A holistic framework for optimizing building decision metrics via advanced parametric modeling: The ECO‑Matrix Protocol

The rapid tightening of building-energy codes and carbon-mitigation targets now obliges design teams to compare dozens of envelope, system and control permutations while simultaneously controlling capital cost. Yet conventional parametric studies seldom test more than a handful of scenarios because every additional simulation imposes time penalties, and most optimisation tools still chase a single metric—typically annual energy use.

This paper introduces the ECO-Matrix Protocol, a cloud-hosted workflow that marries targeted Latin-hypercube sampling, batch simulation, surrogate-model interpolation and an interactive, many-objective dashboard. The protocol ranks thousands of design options against a suite of Key Performance Indicators (KPIs) that matter to both owners and regulators: capital-cost delta, operating savings, greenhouse-gas (GHG) abatement, simple payback and return on investment (ROI).

A K-4 school in Ontario, Canada, provides the validating case study. Ten recurrent variable families covering envelope, daylighting and HVAC were each discretised into three levels, yielding 51,840 theoretical combinations.

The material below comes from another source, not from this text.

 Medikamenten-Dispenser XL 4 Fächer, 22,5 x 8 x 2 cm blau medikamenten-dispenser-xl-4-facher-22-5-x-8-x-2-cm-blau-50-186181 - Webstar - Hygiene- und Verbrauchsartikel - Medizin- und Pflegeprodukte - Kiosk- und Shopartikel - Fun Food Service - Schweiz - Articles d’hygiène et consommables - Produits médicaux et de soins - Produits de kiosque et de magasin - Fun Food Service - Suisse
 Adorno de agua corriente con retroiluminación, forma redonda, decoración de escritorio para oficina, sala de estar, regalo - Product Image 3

Only 72 high-value IESVE simulation setup, powered with variable iteration through parametric batch were needed to train the interpolation engine, expanding the result set to 5,184 envelope–lighting variants; 20 explicit HVAC archetypes completed the matrix. The browser-based dashboard instantly filtered solutions exceeding the National Energy Code of Canada baseline and visualised trade-offs among energy, cost and carbon.

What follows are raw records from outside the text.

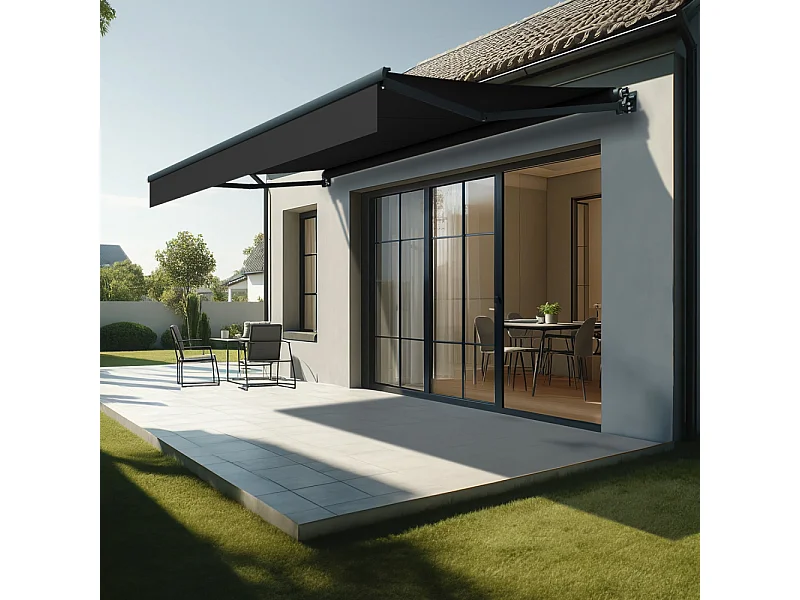 Store banne loggia LOCUS 4,00x2,00m (Motorisé à Télécommande - Noir - Gris anthracite)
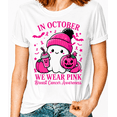 thumbnail image 1 of Godmerch Women's Breast Cancer Awareness Halloween Boo Graphic Tee, 1 of 6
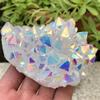 AAKOMA Titanium Cluster Rainbow Aura Lemurian Quartz Crystal Specimen Point Healing, 1 Piece view 2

Statistical cross-validation against 20 random full simulations confirmed interpolation errors below one percent for energy-use intensity predictions.

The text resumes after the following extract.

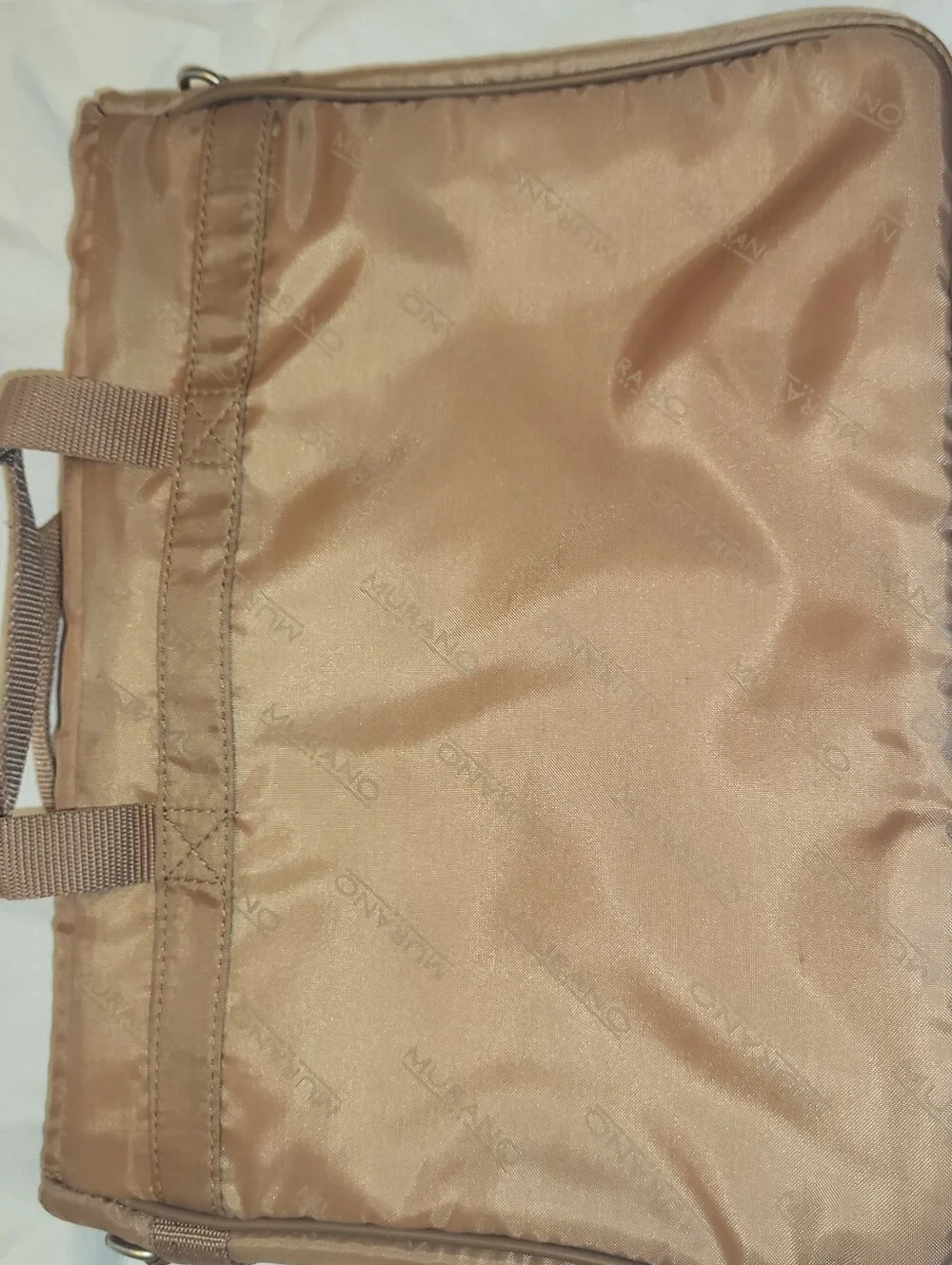 Murano Tan Leather Laptop Briefcase with Front Pockets. Wheeled.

By showing that holistic, many-objective optimisation fits within a typical schematic-design window, the ECO-Matrix Protocol offers a transferable roadmap for low-carbon design in diverse climates. Future work will automate HVAC surrogate training and further integrate Life Cycle Costing (LCA) and embodied-carbon analysis.

Research Gap and Objectives:

Past studies by Attia et al. (2012) and Ascione et al. (2017) highlight the limited uptake of multi-objective optimization in practice. Few approaches move beyond single‑metric energy savings, and sampling strategies are often ad‑hoc, leaving decision‑makers unsure about representativeness. This paper addresses three questions:

1. How can a design team explore tens of thousands of envelope‑system combinations with <100 simulations?
2. How can multiple KPIs—including capital cost—be brought into one visual space?
3. Does such a workflow improve design decisions in a live project?